How free of troubles must a candidate be to enter your community?
Years ago, I heard an interview of the abbot of the Trappist monastery in Gethsemani, KY, on a radio station in a large city. They were talking about men who enter the abbey. I will never forget his words, “Every time someone knocks on our door, we assume he has the wrong motives.”
The prior’s comments show how difficult it is for a community’s leadership to discern God’s will in determining whether a person has a vocation to their community. In the 1800’s, a 17-year-old girl, Róża Bialecka, of Poland, met with the Master General of the Dominican order, to discern her vocation. She wanted to join the Dominicans and teach children and adults. Her character was so stable, and her desire so intense to give herself to God, that the good priest made an immediate decision to allow her to be admitted into the novitiate, and if God willed it, that she found a new convent that would fulfill her dreams.

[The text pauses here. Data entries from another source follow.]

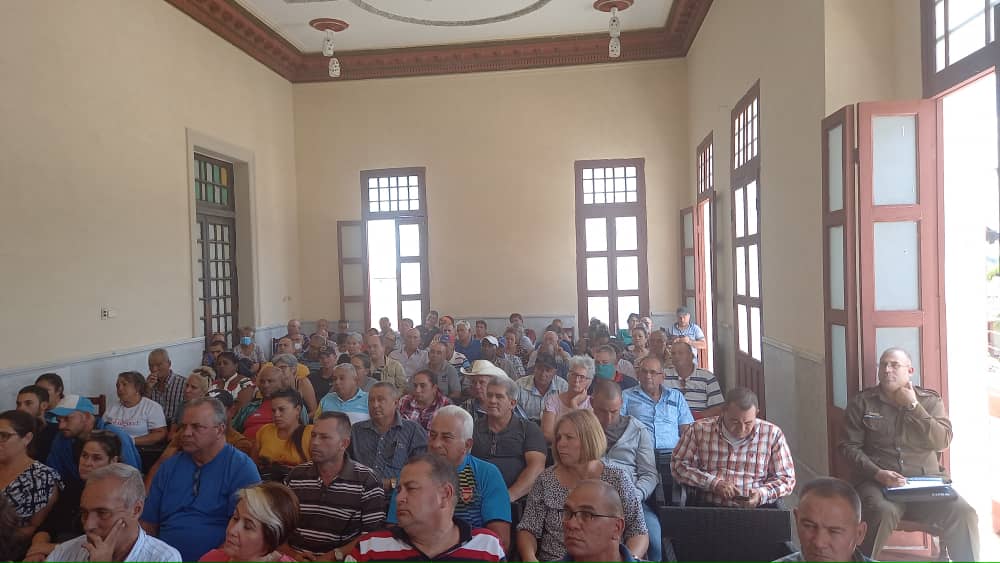 YdaelB's tweet photo. Fructífero intercambio en el municipio #Placetas sobre la implementación de la #LeySSAN.

#AgriculturaCubana #SoberaniaAlimentaria https://t.co/1PA9qsURkX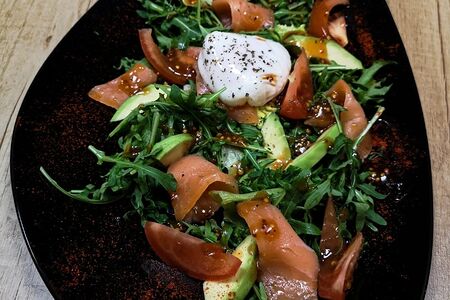 Салат с сёмгой и яйцом пашот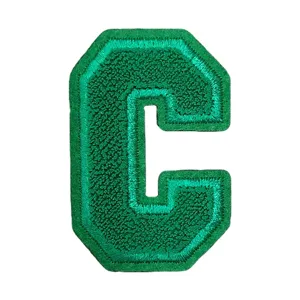 Grüner Chenille Buchstabe C Aufnäher Stickerei Applikation für Kleidung Accessoires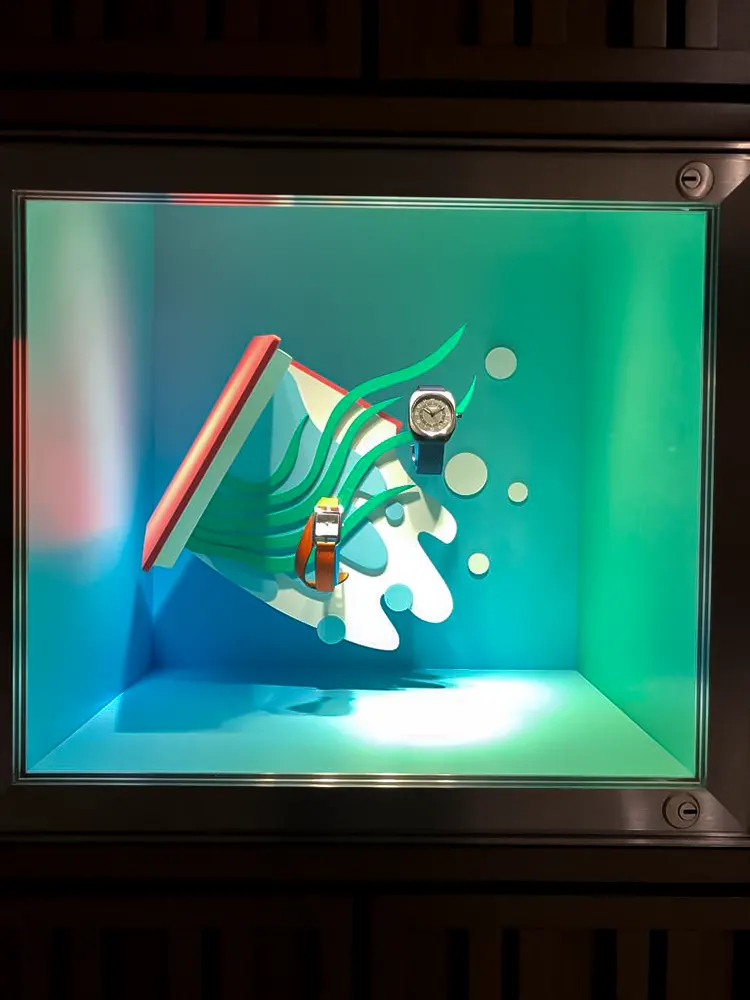 <span  class="uc_style_uc_tiles_grid_image_elementor_uc_items_attribute_title" style="color:#ffffff;">hermes-retail -window-display-074</span>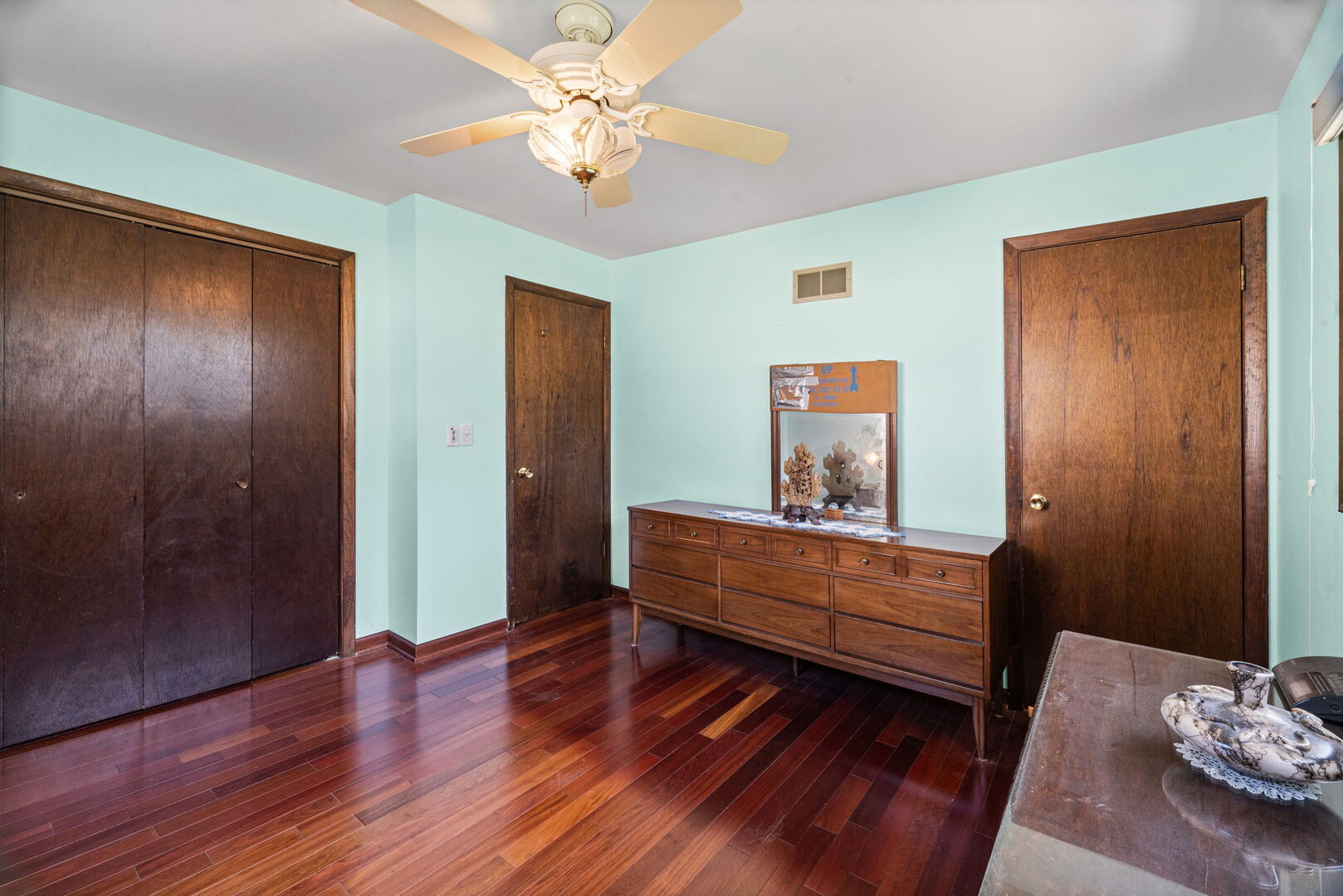 645 Flagstaff Lane Property Photo 13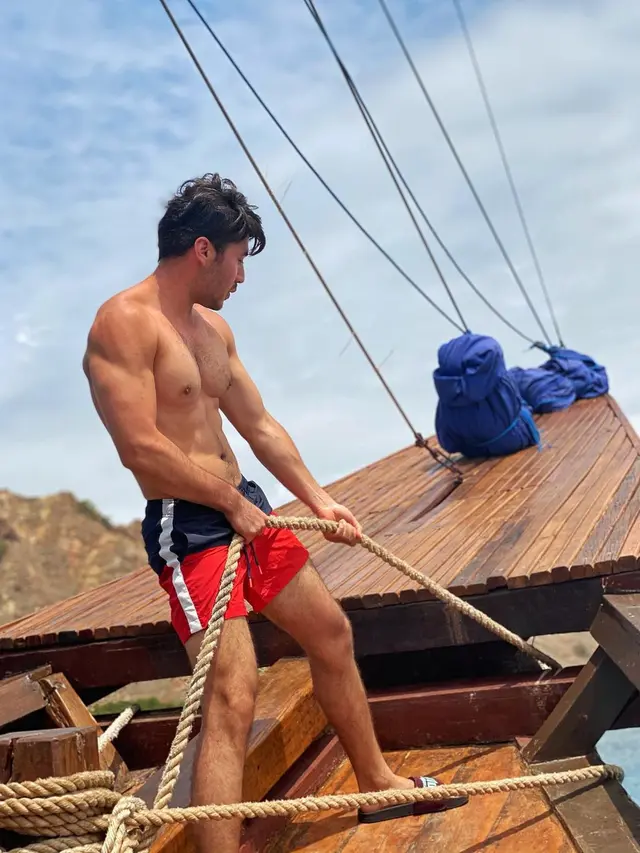 7 Gaya Valentino Peter Pamer ABS Ini Curi Perhatian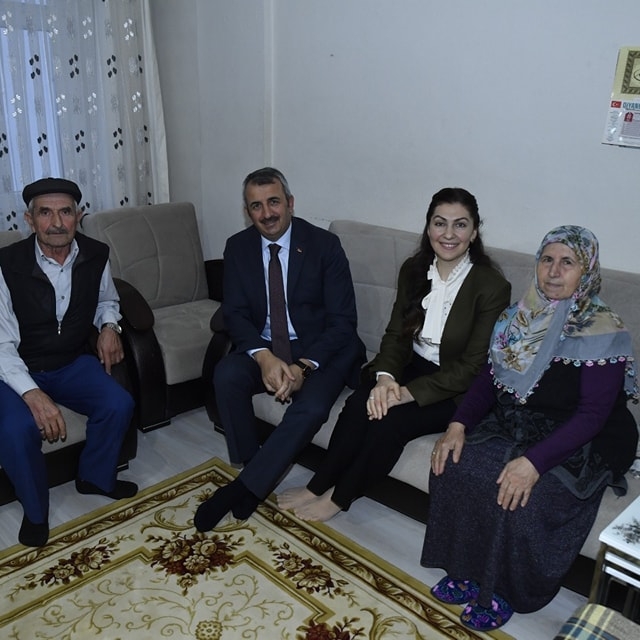 Edirne Valisi Sezer ziyaretlerini sürdürüyor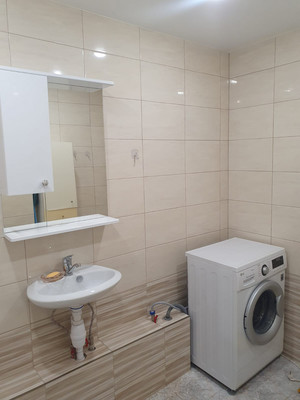 Продам трехкомнатную (3-комн.) квартиру, Чекистов пр-кт, 8, Краснодар г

There aren’t many candidates like Róża, who founded the Dominican Sisters of the Immaculate Conception. Most of those who ask to enter religious life are those with many of life’s problems, with a lack of maturity, family problems, and a host of other ills of our modern secular society.
St. Francis de Sales, however, did not demand perfection in religious candidates. He said that some souls are preserved from the delusions of the world, and thus open to the call of God, through sorrow, disgust or social rejection. “There are souls,” says St Francis de Sales, “who were the world to smile upon them, would never become religious; yet by means of contradictions and disappointments, they are brought to despise the vanities, and all allurements of the world, and understand its fallacy.”
St. Francis says,
“Now, though these persons come to God, as it were,
- in anger against the world, which has displeased them, or
- on account of some troubles or
- afflictions which have tormented them,
- yet they do not fail to give themselves to God of their own free will; and very often such persons succeed very well in the service of God, and become great Saints, sometimes greater than those who have entered it with more evident vocations, or with far purer motives.”